• [The data]:
--

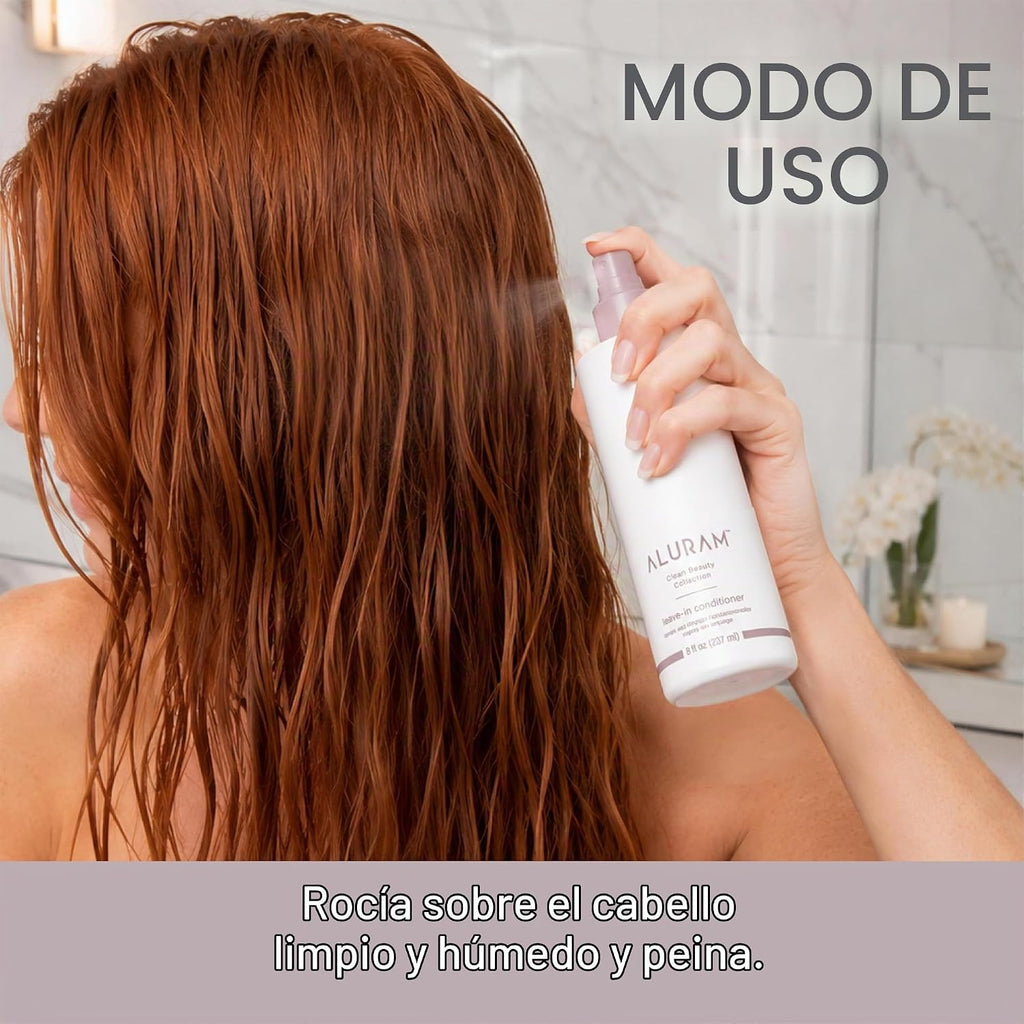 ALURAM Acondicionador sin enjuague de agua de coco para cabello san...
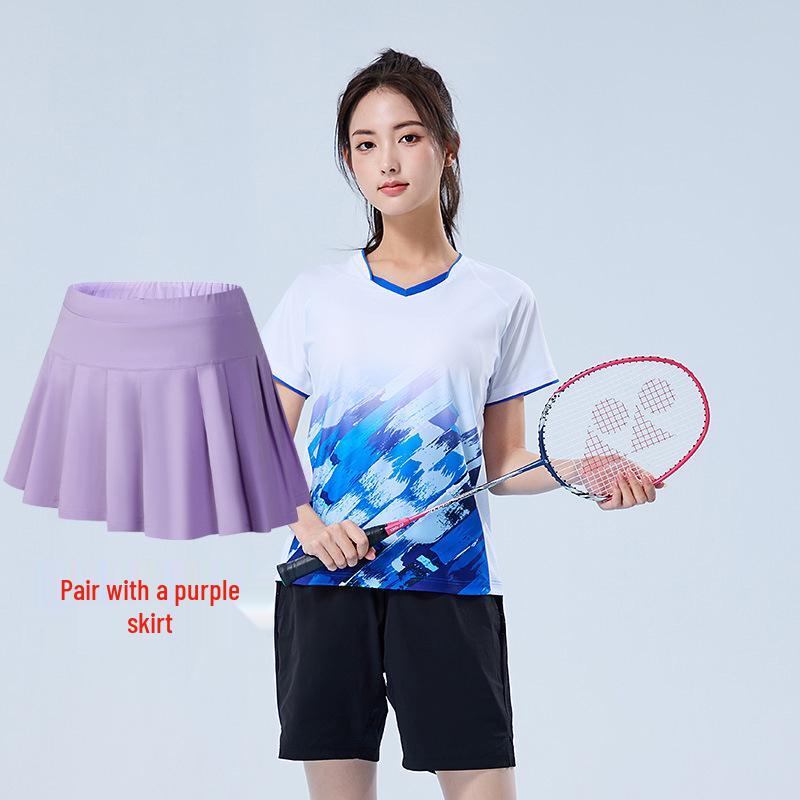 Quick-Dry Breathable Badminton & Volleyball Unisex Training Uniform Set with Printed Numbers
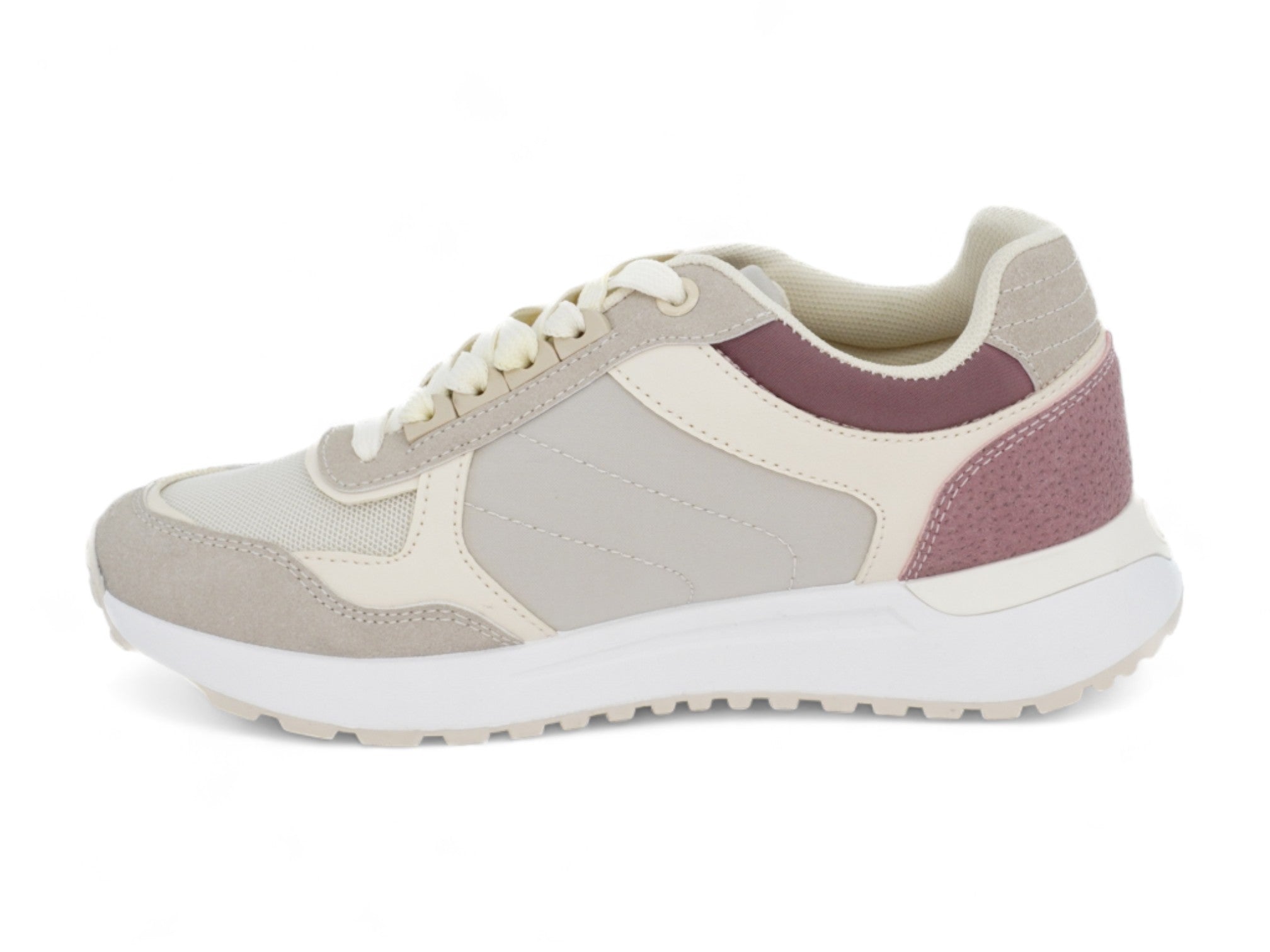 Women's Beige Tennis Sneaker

--

• [Task instructions]: Repeat the material verbatim. Do not carry over any picture.

• [Output below]:
 ALURAM Acondicionador sin enjuague de agua de coco para cabello san...
 Quick-Dry Breathable Badminton & Volleyball Unisex Training Uniform Set with Printed Numbers
 Women's Beige Tennis Sneaker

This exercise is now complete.